Les greenkeepers sont des funambules. En effet, le gazon d'un club de golf est soumis à rude épreuve et, pour les greenkeepers, il s'agit d'un exercice d'équilibre permanent entre la santé du gazon, d'une part, et une jouabilité optimale, d'autre part. Lorsque le club de golf en question accueille également le plus grand tournoi de golf de Belgique, les enjeux sont encore plus importants. Depuis leur nomination en tant que greenkeepers en chef du Golf Club Rinkven, Timothy Bruneel et Simon Vercammen, en collaboration avec GreenMix et Erik Dolstra, spécialiste du gazon chez le semencier DLF, ont soigneusement orienté le choix du gazon vers une qualité durable.
Le Rinkven Golf Club a été fondé à Schilde en 1981 et comprend aujourd'hui deux parcours de 18 trous à part entière. Le South Course est le plus ancien des deux parcours, situé principalement dans les bois et les marais et caractérisé par une grande variété de conditions de jeu. Le North Course est plus récent et plus long. Plusieurs tournois nationaux et internationaux ont déjà trouvé le chemin de Rinkven ces dernières années, qui peut se targuer d'être le club hôte de l'European Tour depuis 2018, entre autres, et d'accueillir le Soudal Open depuis 2022. A noter que le Soudal Open se joue en partie sur le South Course et en partie sur le North Course.
Timothy et Simon admettent que les défis de Rinkven ne sont pas des moindres. Outre l'équilibre universel entre la qualité du jeu et la santé, leur travail exige, entre autres, une attention particulière à la qualité et à l'homogénéité sur deux parcours qui sont en fin de compte différents.
Ajoutez à cela un approvisionnement en eau plutôt limité et vous comprendrez immédiatement pourquoi les greenkeepers ont examiné le choix du gazon à la loupe lorsqu'ils ont pris leurs fonctions. “Cela semble un peu hypocrite de parler de sécheresse cette année”, s'amuse Simon, “mais c'est évidemment l'une de nos plus grandes préoccupations. En particulier pour les greens et les roughs, nous recherchons maintenant des variétés plus tolérantes à la sécheresse”.”
Cela s'est avéré particulièrement difficile sur les greens. “Jusqu'à récemment, les greens étaient très pauvres, avec 70% de gazon de rue et à peine 30% de gazon d'autruche. L'année dernière, nous avons donc procédé à un sursemis très intensif, avec plus de 500 kg de DLF Masterline ostrich grasses.
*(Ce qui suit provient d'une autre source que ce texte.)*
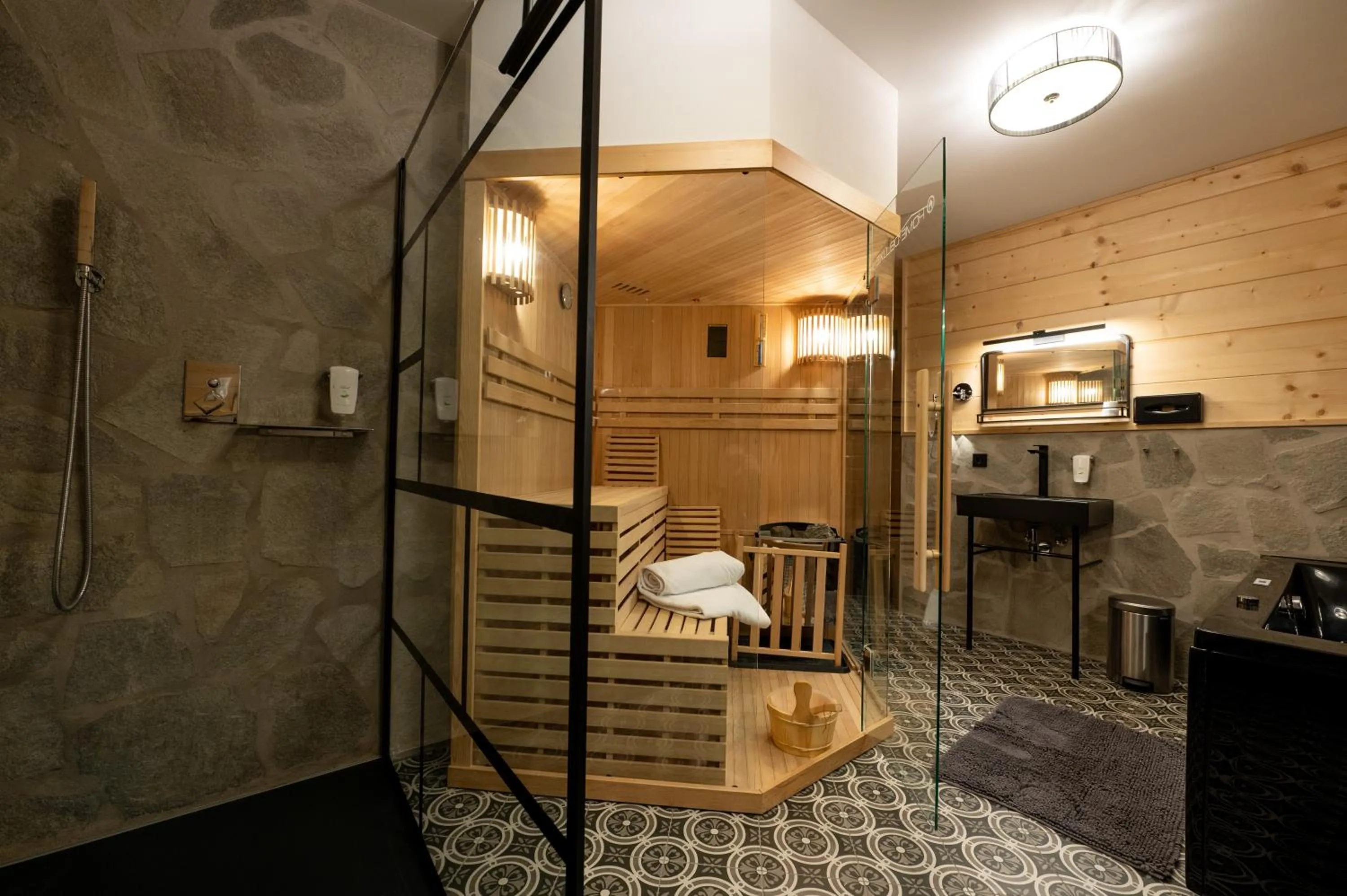 Bathroom in ALPENLIEBE - Sauna & Whirlpool - APARTments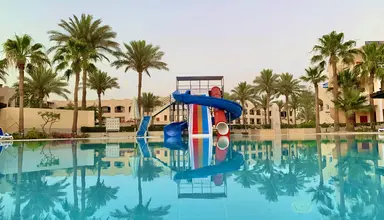 Ivy Cyrene Island Resort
Nous avons délibérément renoncé à l'autruche blanche, qui présente certes l'avantage d'une croissance agressive, mais dont les besoins en eau et en nutriments sont pratiquement les mêmes que ceux de l'herbe des rues. Nous avons plutôt utilisé de l'herbe d'autruche ordinaire, en particulier les variétés Arrowtown et Cleek.
Aujourd'hui, le rapport des graminées s'est déjà complètement inversé et nous pouvons parler de 70% d'autruche commune et de 30% d'herbe des rues. C'est un résultat remarquablement rapide qui nous permet d'être mieux armés contre le dollar spot. L'année prochaine, d'ailleurs, dans ce contexte, nous voulons aussi essayer le red-swinging dans les greens”.”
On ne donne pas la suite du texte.